Try it → Keep the pictures out while you transcribe the listing below exactly.

Data →
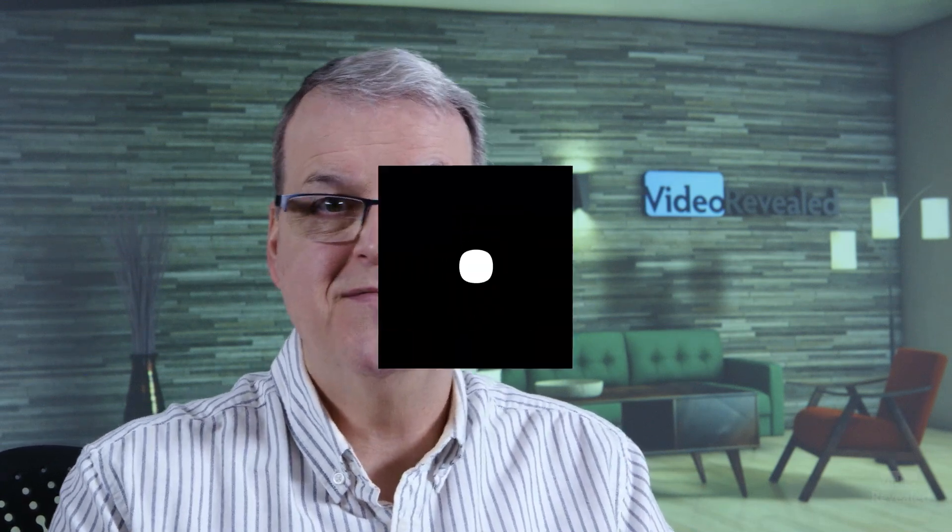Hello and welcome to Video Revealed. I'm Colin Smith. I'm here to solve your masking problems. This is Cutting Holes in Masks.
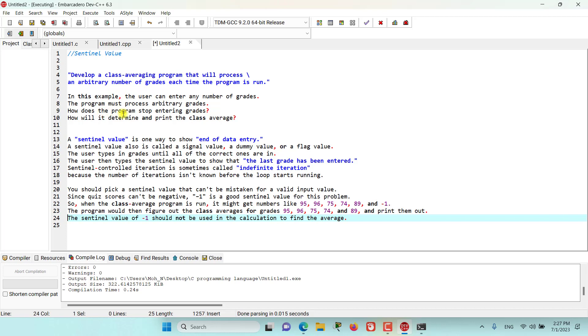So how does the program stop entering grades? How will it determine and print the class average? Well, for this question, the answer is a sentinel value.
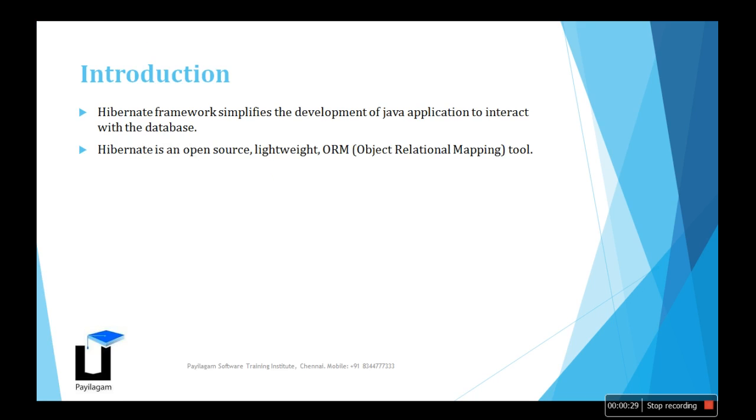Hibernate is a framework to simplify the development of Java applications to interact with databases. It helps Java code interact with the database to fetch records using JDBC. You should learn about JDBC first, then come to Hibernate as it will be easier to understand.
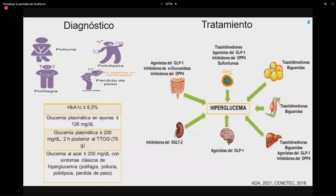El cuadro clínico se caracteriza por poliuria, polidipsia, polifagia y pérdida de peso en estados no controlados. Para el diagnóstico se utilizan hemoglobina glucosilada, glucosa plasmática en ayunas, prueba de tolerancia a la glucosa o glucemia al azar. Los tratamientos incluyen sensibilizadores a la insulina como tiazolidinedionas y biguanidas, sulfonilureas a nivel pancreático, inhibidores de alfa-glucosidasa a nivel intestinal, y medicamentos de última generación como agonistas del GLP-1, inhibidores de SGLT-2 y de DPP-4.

Written response →
Hello and welcome to Video Revealed. I'm Colin Smith. I'm here to solve your masking problems. This is Cutting Holes in Masks.
So how does the program stop entering grades? How will it determine and print the class average? Well, for this question, the answer is a sentinel value.
Hibernate is a framework to simplify the development of Java applications to interact with databases. It helps Java code interact with the database to fetch records using JDBC. You should learn about JDBC first, then come to Hibernate as it will be easier to understand.
El cuadro clínico se caracteriza por poliuria, polidipsia, polifagia y pérdida de peso en estados no controlados. Para el diagnóstico se utilizan hemoglobina glucosilada, glucosa plasmática en ayunas, prueba de tolerancia a la glucosa o glucemia al azar. Los tratamientos incluyen sensibilizadores a la insulina como tiazolidinedionas y biguanidas, sulfonilureas a nivel pancreático, inhibidores de alfa-glucosidasa a nivel intestinal, y medicamentos de última generación como agonistas del GLP-1, inhibidores de SGLT-2 y de DPP-4.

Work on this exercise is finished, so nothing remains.